--- Records for the exercise ---

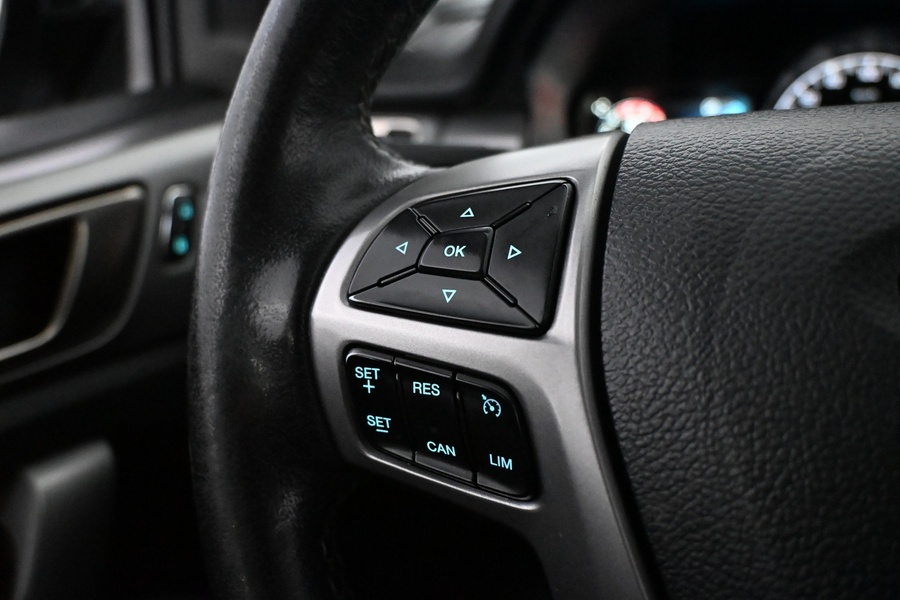 Ford Ranger vaihtoauto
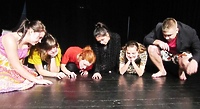 Teatralna Blogosfera na ferie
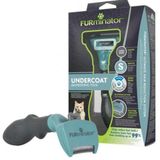 Furminatör Furminator Kedi Tarağı -Uzun Tüylü Kediler için S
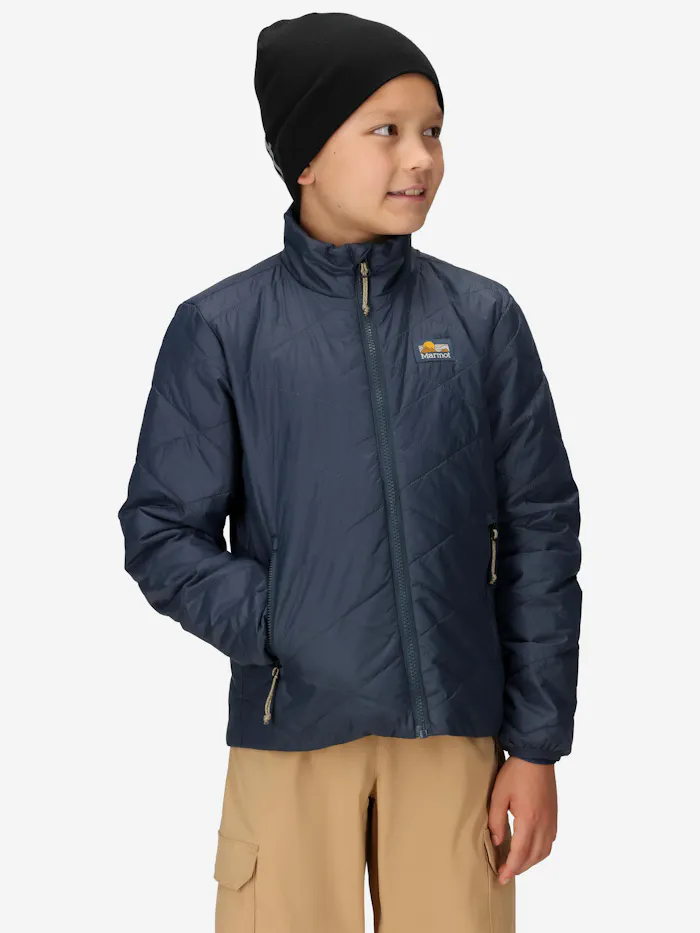 Kid's Onward Insulated Jacket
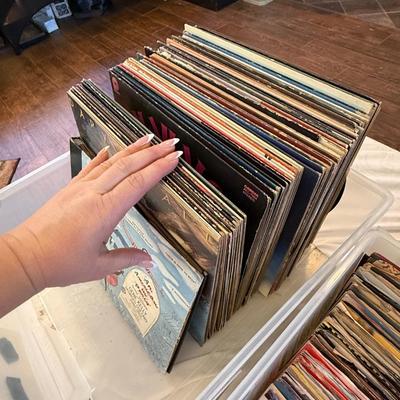 Lot 14: Records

---

__Required work__: Each record should be written out again exactly, though without its pictures.

__Exercise output__:
 Ford Ranger vaihtoauto
 Teatralna Blogosfera na ferie
 Furminatör Furminator Kedi Tarağı -Uzun Tüylü Kediler için S
 Kid's Onward Insulated Jacket
 Lot 14: Records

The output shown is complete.